Step 6: Save the experiment
The .tgx format preserves rank-4 tensors and metadata that GraphML cannot:
g.save("runs/exp_001/graph.tgx")
torch.save(model.state_dict(), "runs/exp_001/model.pt")
You can later load with tgx.Graph.load("runs/exp_001/graph.tgx").
Step 7: Reproducibility
Wrap the entire experiment in a reproducibility context so the run can be reproduced bit-for-bit on the same hardware:
with tgx.reproducible(seed=42, deterministic=True):
# construct, train, evaluate
...
This seeds Python's random, NumPy, and PyTorch RNGs. With deterministic=True, CUDA operations also run deterministically (slower, but bitwise repeatable). A reproducibility_report.json is written alongside other run artifacts.
Common mistakes
Mixing vector-only layers with tensor inputs. GCNConv, GATv2Conv, and APPNP expect rank-2 input. If you pass a [N, 3, 8, 8] tensor to them, you get a shape error. Use build_model(..., layer="conv") or pick a tensor-aware layer explicitly.
kNN graph on huge x. tgx.knn_graph is O(N²). For very large N, either sample first or pre-compute edges from a different similarity proxy.
Not validating before training. A mismatched edge index causes opaque errors at runtime. tgx.validate_graph(g, strict=True) catches them in milliseconds.
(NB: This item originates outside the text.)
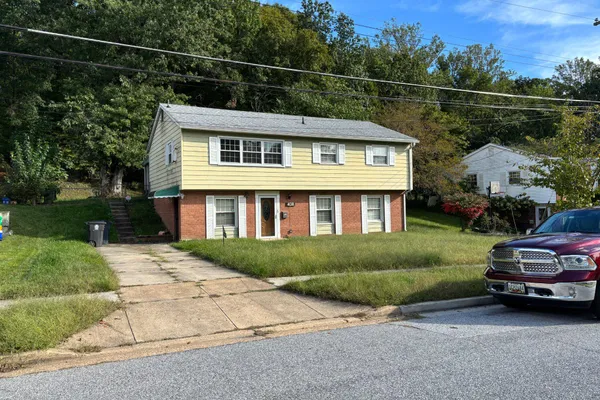 408 QUARRY AVE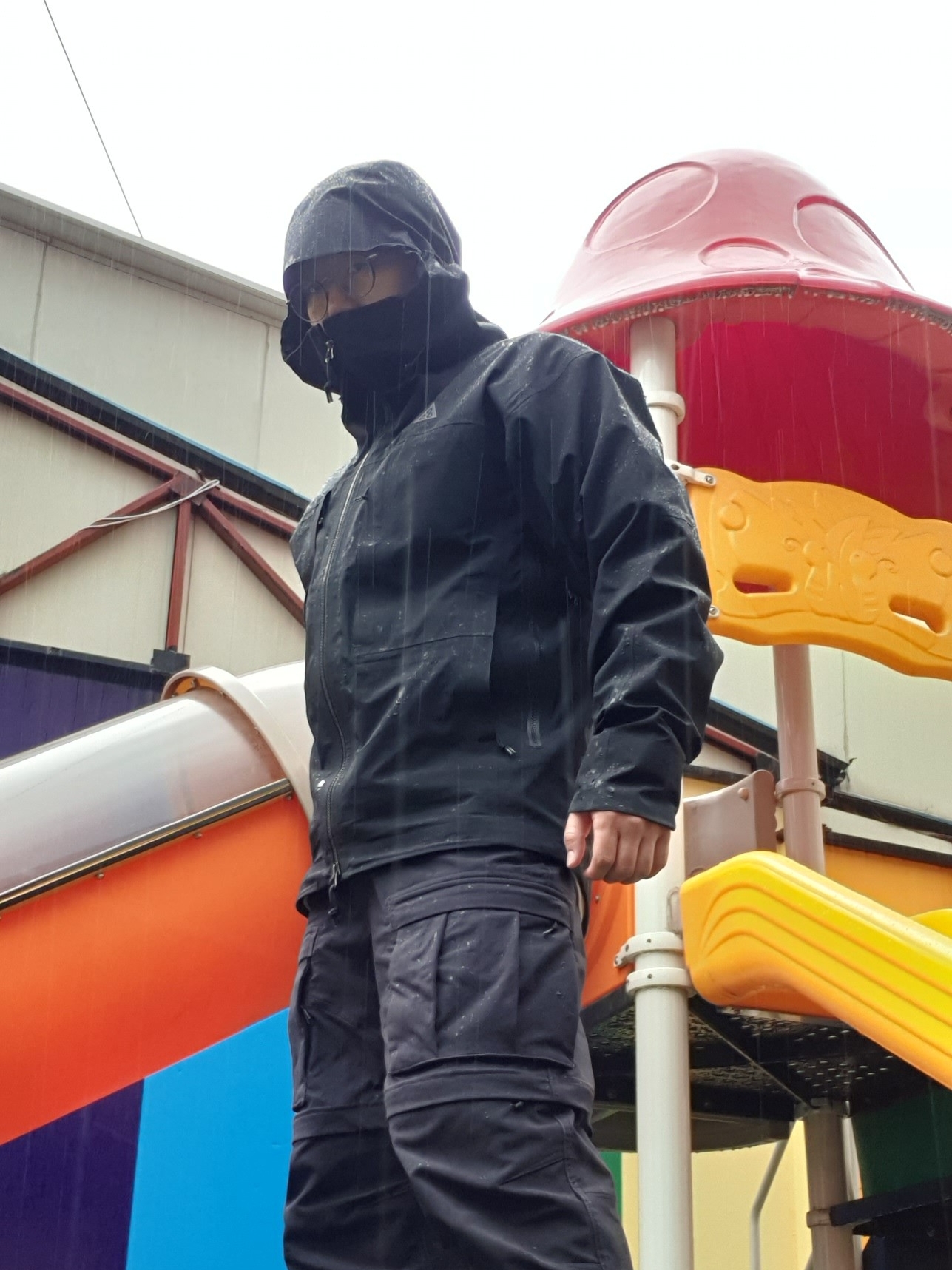 Nike ACG Smith Summit Cargo Pants Black Summit White - Asia, Nike ACG Gore-Tex Misery Ridge Jacket Black - US/EU 착용 스타일 - 1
Assuming tensor features improve accuracy by default. They preserve spatial structure. Whether that structure is useful depends on your task. Benchmark against a flat-vector baseline before committing.
FAQ
Q: How does NeighborLoader interact with tensor-valued node features?
A: The sampler operates on edge_index. The node features are gathered for the sampled subset and preserved in their original shape. No flattening is done implicitly.
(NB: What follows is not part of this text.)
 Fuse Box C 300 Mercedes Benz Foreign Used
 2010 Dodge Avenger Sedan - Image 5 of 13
Q: What is RandomBalancedPartitioner for?
A: It is used by ClusterLoader for graph partitioning when training on graphs too large for NeighborLoader. See docs/cluster_gcn.md in the TGraphX repo for details.
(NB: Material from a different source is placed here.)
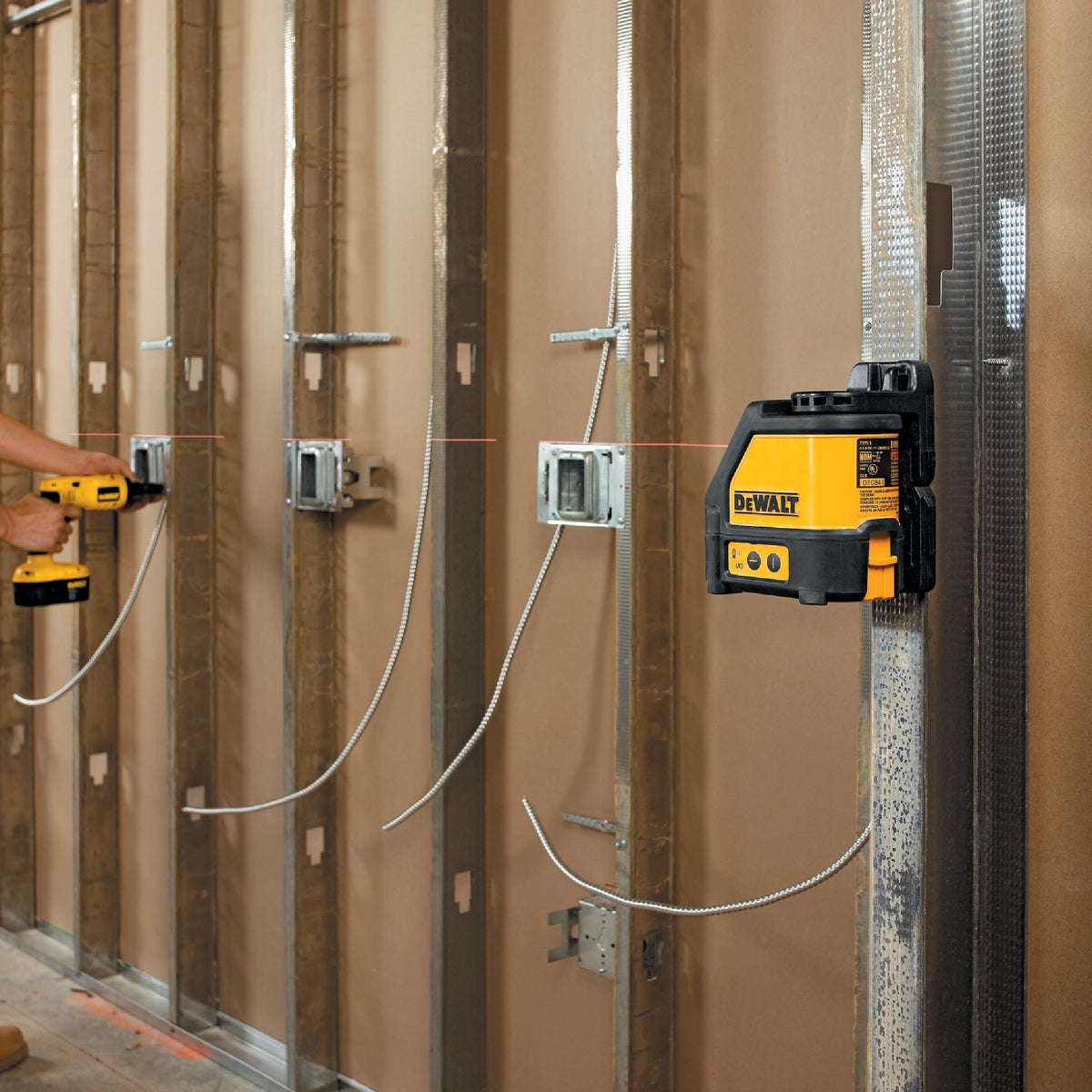 DeWalt 100 Ft. Self-Leveling Cross-Line Laser Level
Q: Can I export to a standard format like GraphML?
A: For flat-vector graphs, yes — TGraphX has GraphML I/O for that case. For tensor-valued nodes, GraphML cannot represent the data, so use .tgx.
Q: What happens if validation fails mid-experiment?
A: tgx.validate_graph(g, strict=True) raises a ValueError with a description of the violation. In non-strict mode it returns a result object with ok=False and a list of issues.